Portrait of a Lady
By Henry James
Review by COLM TÓIBÍN
Globe and Mail
December 20, 2008
Henry James used everything he knew, including his own complex self, when he wrote The Portrait of a Lady.
He dramatized his own interest in freedom against his own egotism, his own bright charm against the darker areas of his imagination.
He also used the ghost of his young cousin, Minny Temple, who had died in 1870.
He wrote to a friend who believed his heroine in the book, Isabel Archer, was a direct portrait of Minny: "Poor Minny was essentially incomplete and I have attempted to make my young woman more rounded, more finished.
"In truth everyone, in life, is incomplete, and it is [in] the work of art that in reproducing them one feels the desire to fill them out, to justify them, as it were."
In 1878, James had published Daisy Miller, a tale of a spirited young American woman in Italy who was punished for breaking the rules.
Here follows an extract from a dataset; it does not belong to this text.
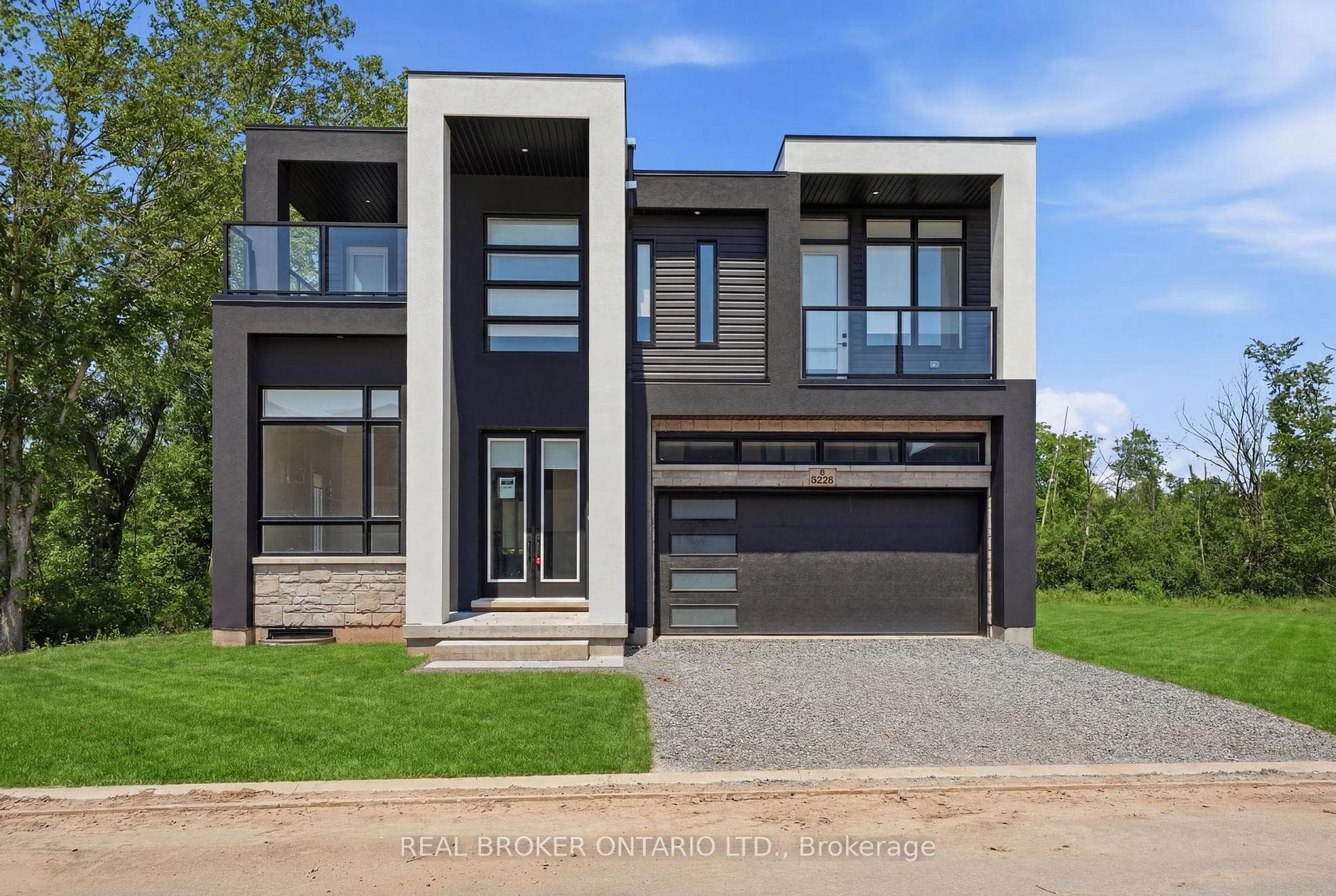 6325 Jewel Common, Niagara Falls, ON L2G 7L5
And also, a tale called An International Episode, in which another spirited young American woman was, to the surprise of her English friends, not in search of a rich husband, or any husband at all; she sought something more interesting from life than the mere prospect of money and rank.
The idea of creating a great female character loomed large in James's imaginative ambitions as the 1870s progressed.
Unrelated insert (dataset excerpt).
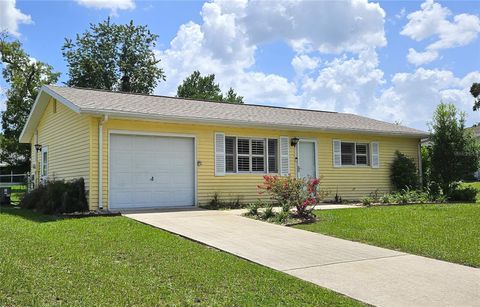 Photo of 8274 SW 106th Place, Ocala, FL 34481 (MLS # OM706321)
When he came to write his preface to The Portrait of a Lady a quarter of a century after it was published, James insisted that the novel, which has a dark and fascinating plot, had not come to him first as a plot, "but altogether in the sense of a single character, the character and aspect of a particular engaging young woman."
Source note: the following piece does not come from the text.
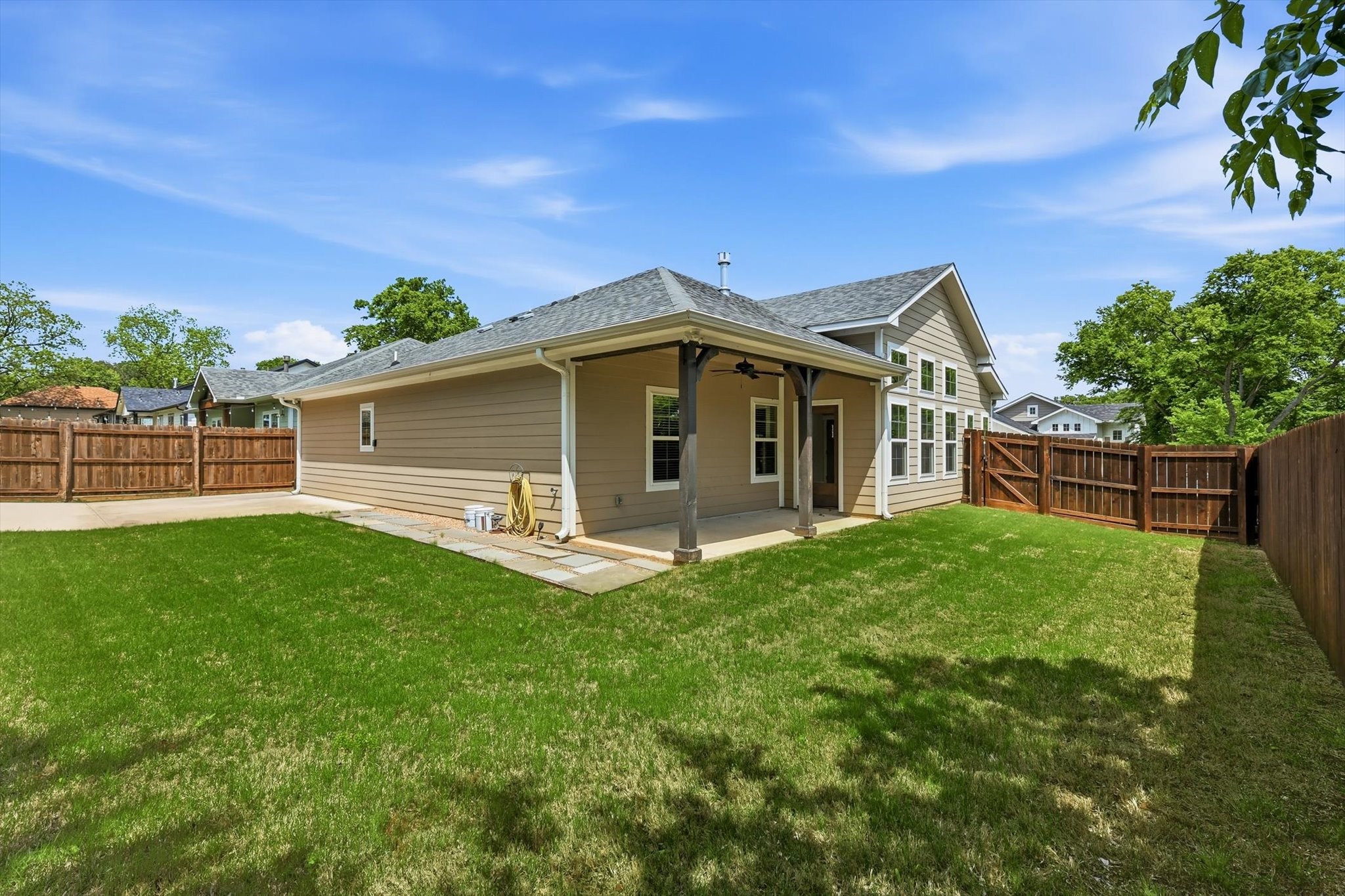207 Wilson Street Lake Dallas TX 75065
As he wrote his preface, he was alert to the idea that a young woman as the central subject of a work of art had to be defended, or at least explained.
He appealed to the example of George Eliot, to her placing female characters such as Hetty Sorrel, Maggie Tulliver, Rosamond Vincy and Gwendolen Harleth at the very centre of her novels, remarking how difficult the task was, so difficult indeed that "Dickens and Walter Scott, as for instance even, in the main, so subtle a hand as R.L. Stevenson, has preferred to leave the task unattempted."
His decision, he wrote, was to "place the centre of the subject in the young woman's consciousness. … Stick to that — for the centre. … Press least hard, in short, on the consciousness of your heroine's satellites, especially the male; make it an interest contributive only to the greater one."
He used imagery associated with architecture throughout his preface: "On one thing I was determined; that, though I should clearly have to pile brick upon brick for the creation of an interest, I would leave no pretext for saying that anything is out of line, scale or perspective."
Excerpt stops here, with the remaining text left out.